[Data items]
______
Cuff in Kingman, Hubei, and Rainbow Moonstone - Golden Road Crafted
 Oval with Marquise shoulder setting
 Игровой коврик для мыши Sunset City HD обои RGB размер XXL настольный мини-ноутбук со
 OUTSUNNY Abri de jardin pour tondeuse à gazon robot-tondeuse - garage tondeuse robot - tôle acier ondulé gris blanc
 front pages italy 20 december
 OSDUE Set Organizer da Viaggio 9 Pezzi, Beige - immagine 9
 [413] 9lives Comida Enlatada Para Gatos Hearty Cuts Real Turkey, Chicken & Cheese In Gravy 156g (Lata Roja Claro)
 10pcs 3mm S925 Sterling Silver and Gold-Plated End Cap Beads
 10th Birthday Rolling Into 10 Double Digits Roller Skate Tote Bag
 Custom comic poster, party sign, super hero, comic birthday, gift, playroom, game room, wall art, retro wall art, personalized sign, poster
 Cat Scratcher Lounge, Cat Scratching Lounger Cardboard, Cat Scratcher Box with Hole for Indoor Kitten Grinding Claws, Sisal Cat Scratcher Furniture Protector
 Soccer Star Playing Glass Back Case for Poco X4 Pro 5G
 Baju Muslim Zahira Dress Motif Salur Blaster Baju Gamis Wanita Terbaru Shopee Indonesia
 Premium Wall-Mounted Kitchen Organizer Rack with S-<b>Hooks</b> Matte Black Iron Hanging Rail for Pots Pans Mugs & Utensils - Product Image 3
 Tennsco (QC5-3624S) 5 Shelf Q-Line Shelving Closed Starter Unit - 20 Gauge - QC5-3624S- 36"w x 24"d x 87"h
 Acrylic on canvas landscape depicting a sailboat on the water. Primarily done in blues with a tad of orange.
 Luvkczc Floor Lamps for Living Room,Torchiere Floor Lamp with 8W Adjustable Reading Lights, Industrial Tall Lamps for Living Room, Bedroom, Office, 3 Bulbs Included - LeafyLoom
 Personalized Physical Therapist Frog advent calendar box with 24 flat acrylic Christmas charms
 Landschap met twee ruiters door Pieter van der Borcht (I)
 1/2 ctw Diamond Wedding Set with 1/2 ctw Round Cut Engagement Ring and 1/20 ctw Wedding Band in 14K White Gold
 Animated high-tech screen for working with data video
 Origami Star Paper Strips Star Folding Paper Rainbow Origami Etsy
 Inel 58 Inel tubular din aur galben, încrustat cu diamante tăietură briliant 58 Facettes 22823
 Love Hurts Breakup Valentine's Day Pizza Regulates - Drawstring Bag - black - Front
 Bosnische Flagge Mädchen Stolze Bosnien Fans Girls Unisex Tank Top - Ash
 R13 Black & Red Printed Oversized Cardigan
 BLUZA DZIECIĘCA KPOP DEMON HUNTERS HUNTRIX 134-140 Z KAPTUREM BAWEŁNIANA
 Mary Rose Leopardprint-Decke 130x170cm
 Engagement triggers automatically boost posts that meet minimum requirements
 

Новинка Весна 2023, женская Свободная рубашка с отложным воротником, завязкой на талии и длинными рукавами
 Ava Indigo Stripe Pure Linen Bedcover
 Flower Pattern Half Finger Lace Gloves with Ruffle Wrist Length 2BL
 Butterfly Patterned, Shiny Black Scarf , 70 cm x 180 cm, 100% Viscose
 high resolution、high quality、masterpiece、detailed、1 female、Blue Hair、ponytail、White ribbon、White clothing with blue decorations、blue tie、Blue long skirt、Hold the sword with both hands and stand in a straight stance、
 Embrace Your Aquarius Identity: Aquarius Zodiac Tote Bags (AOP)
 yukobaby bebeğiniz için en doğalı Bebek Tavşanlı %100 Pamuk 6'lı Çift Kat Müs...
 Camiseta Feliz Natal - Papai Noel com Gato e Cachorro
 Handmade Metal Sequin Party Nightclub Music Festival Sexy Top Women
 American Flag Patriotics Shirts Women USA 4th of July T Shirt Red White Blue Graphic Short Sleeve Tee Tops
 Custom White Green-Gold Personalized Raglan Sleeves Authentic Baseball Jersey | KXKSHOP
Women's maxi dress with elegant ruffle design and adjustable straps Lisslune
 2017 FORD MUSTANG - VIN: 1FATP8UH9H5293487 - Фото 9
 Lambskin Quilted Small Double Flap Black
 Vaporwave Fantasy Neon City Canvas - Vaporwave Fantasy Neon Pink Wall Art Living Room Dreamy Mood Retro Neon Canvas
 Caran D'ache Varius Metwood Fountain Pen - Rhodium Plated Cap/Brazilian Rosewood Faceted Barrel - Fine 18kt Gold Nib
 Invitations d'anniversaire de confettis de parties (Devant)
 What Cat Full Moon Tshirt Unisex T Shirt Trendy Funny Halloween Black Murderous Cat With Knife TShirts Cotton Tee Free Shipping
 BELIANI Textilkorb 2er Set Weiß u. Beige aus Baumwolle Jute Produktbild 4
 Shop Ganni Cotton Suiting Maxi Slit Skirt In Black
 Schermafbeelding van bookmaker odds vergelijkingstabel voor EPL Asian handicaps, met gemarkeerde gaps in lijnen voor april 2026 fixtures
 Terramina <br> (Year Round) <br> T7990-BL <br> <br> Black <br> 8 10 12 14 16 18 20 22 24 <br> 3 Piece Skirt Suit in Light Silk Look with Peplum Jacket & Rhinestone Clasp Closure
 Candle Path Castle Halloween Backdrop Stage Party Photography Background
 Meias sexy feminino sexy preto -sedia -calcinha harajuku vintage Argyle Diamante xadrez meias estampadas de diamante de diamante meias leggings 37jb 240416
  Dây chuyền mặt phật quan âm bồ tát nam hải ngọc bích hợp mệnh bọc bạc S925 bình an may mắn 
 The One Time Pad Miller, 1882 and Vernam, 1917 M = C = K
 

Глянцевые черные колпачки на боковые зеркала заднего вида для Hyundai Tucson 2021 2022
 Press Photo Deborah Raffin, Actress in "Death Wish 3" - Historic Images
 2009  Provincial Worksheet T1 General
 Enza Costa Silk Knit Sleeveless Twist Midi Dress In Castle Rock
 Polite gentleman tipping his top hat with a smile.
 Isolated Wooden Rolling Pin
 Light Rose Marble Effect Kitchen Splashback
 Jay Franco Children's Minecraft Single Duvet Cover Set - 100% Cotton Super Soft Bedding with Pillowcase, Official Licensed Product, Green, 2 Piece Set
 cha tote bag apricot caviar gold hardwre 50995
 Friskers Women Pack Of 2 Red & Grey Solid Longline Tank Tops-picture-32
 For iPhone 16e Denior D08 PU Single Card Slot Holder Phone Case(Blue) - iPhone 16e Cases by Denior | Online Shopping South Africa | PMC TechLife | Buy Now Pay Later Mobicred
______
● **Task requirements**: Your reply should consist of all the records, set down exactly.

● **Response**:
Cuff in Kingman, Hubei, and Rainbow Moonstone - Golden Road Crafted
 Oval with Marquise shoulder setting
 Игровой коврик для мыши Sunset City HD обои RGB размер XXL настольный мини-ноутбук со
 OUTSUNNY Abri de jardin pour tondeuse à gazon robot-tondeuse - garage tondeuse robot - tôle acier ondulé gris blanc
 front pages italy 20 december
 OSDUE Set Organizer da Viaggio 9 Pezzi, Beige - immagine 9
 [413] 9lives Comida Enlatada Para Gatos Hearty Cuts Real Turkey, Chicken & Cheese In Gravy 156g (Lata Roja Claro)
 10pcs 3mm S925 Sterling Silver and Gold-Plated End Cap Beads
 10th Birthday Rolling Into 10 Double Digits Roller Skate Tote Bag
 Custom comic poster, party sign, super hero, comic birthday, gift, playroom, game room, wall art, retro wall art, personalized sign, poster
 Cat Scratcher Lounge, Cat Scratching Lounger Cardboard, Cat Scratcher Box with Hole for Indoor Kitten Grinding Claws, Sisal Cat Scratcher Furniture Protector
 Soccer Star Playing Glass Back Case for Poco X4 Pro 5G
 Baju Muslim Zahira Dress Motif Salur Blaster Baju Gamis Wanita Terbaru Shopee Indonesia
 Premium Wall-Mounted Kitchen Organizer Rack with S-<b>Hooks</b> Matte Black Iron Hanging Rail for Pots Pans Mugs & Utensils - Product Image 3
 Tennsco (QC5-3624S) 5 Shelf Q-Line Shelving Closed Starter Unit - 20 Gauge - QC5-3624S- 36"w x 24"d x 87"h
 Acrylic on canvas landscape depicting a sailboat on the water. Primarily done in blues with a tad of orange.
 Luvkczc Floor Lamps for Living Room,Torchiere Floor Lamp with 8W Adjustable Reading Lights, Industrial Tall Lamps for Living Room, Bedroom, Office, 3 Bulbs Included - LeafyLoom
 Personalized Physical Therapist Frog advent calendar box with 24 flat acrylic Christmas charms
 Landschap met twee ruiters door Pieter van der Borcht (I)
 1/2 ctw Diamond Wedding Set with 1/2 ctw Round Cut Engagement Ring and 1/20 ctw Wedding Band in 14K White Gold
 Animated high-tech screen for working with data video
 Origami Star Paper Strips Star Folding Paper Rainbow Origami Etsy
 Inel 58 Inel tubular din aur galben, încrustat cu diamante tăietură briliant 58 Facettes 22823
 Love Hurts Breakup Valentine's Day Pizza Regulates - Drawstring Bag - black - Front
 Bosnische Flagge Mädchen Stolze Bosnien Fans Girls Unisex Tank Top - Ash
 R13 Black & Red Printed Oversized Cardigan
 BLUZA DZIECIĘCA KPOP DEMON HUNTERS HUNTRIX 134-140 Z KAPTUREM BAWEŁNIANA
 Mary Rose Leopardprint-Decke 130x170cm
 Engagement triggers automatically boost posts that meet minimum requirements
 

Новинка Весна 2023, женская Свободная рубашка с отложным воротником, завязкой на талии и длинными рукавами
 Ava Indigo Stripe Pure Linen Bedcover
 Flower Pattern Half Finger Lace Gloves with Ruffle Wrist Length 2BL
 Butterfly Patterned, Shiny Black Scarf , 70 cm x 180 cm, 100% Viscose
 high resolution、high quality、masterpiece、detailed、1 female、Blue Hair、ponytail、White ribbon、White clothing with blue decorations、blue tie、Blue long skirt、Hold the sword with both hands and stand in a straight stance、
 Embrace Your Aquarius Identity: Aquarius Zodiac Tote Bags (AOP)
 yukobaby bebeğiniz için en doğalı Bebek Tavşanlı %100 Pamuk 6'lı Çift Kat Müs...
 Camiseta Feliz Natal - Papai Noel com Gato e Cachorro
 Handmade Metal Sequin Party Nightclub Music Festival Sexy Top Women
 American Flag Patriotics Shirts Women USA 4th of July T Shirt Red White Blue Graphic Short Sleeve Tee Tops
 Custom White Green-Gold Personalized Raglan Sleeves Authentic Baseball Jersey | KXKSHOP
Women's maxi dress with elegant ruffle design and adjustable straps Lisslune
 2017 FORD MUSTANG - VIN: 1FATP8UH9H5293487 - Фото 9
 Lambskin Quilted Small Double Flap Black
 Vaporwave Fantasy Neon City Canvas - Vaporwave Fantasy Neon Pink Wall Art Living Room Dreamy Mood Retro Neon Canvas
 Caran D'ache Varius Metwood Fountain Pen - Rhodium Plated Cap/Brazilian Rosewood Faceted Barrel - Fine 18kt Gold Nib
 Invitations d'anniversaire de confettis de parties (Devant)
 What Cat Full Moon Tshirt Unisex T Shirt Trendy Funny Halloween Black Murderous Cat With Knife TShirts Cotton Tee Free Shipping
 BELIANI Textilkorb 2er Set Weiß u. Beige aus Baumwolle Jute Produktbild 4
 Shop Ganni Cotton Suiting Maxi Slit Skirt In Black
 Schermafbeelding van bookmaker odds vergelijkingstabel voor EPL Asian handicaps, met gemarkeerde gaps in lijnen voor april 2026 fixtures
 Terramina <br> (Year Round) <br> T7990-BL <br> <br> Black <br> 8 10 12 14 16 18 20 22 24 <br> 3 Piece Skirt Suit in Light Silk Look with Peplum Jacket & Rhinestone Clasp Closure
 Candle Path Castle Halloween Backdrop Stage Party Photography Background
 Meias sexy feminino sexy preto -sedia -calcinha harajuku vintage Argyle Diamante xadrez meias estampadas de diamante de diamante meias leggings 37jb 240416
  Dây chuyền mặt phật quan âm bồ tát nam hải ngọc bích hợp mệnh bọc bạc S925 bình an may mắn 
 The One Time Pad Miller, 1882 and Vernam, 1917 M = C = K
 

Глянцевые черные колпачки на боковые зеркала заднего вида для Hyundai Tucson 2021 2022
 Press Photo Deborah Raffin, Actress in "Death Wish 3" - Historic Images
 2009  Provincial Worksheet T1 General
 Enza Costa Silk Knit Sleeveless Twist Midi Dress In Castle Rock
 Polite gentleman tipping his top hat with a smile.
 Isolated Wooden Rolling Pin
 Light Rose Marble Effect Kitchen Splashback
 Jay Franco Children's Minecraft Single Duvet Cover Set - 100% Cotton Super Soft Bedding with Pillowcase, Official Licensed Product, Green, 2 Piece Set
 cha tote bag apricot caviar gold hardwre 50995
 Friskers Women Pack Of 2 Red & Grey Solid Longline Tank Tops-picture-32
 For iPhone 16e Denior D08 PU Single Card Slot Holder Phone Case(Blue) - iPhone 16e Cases by Denior | Online Shopping South Africa | PMC TechLife | Buy Now Pay Later Mobicred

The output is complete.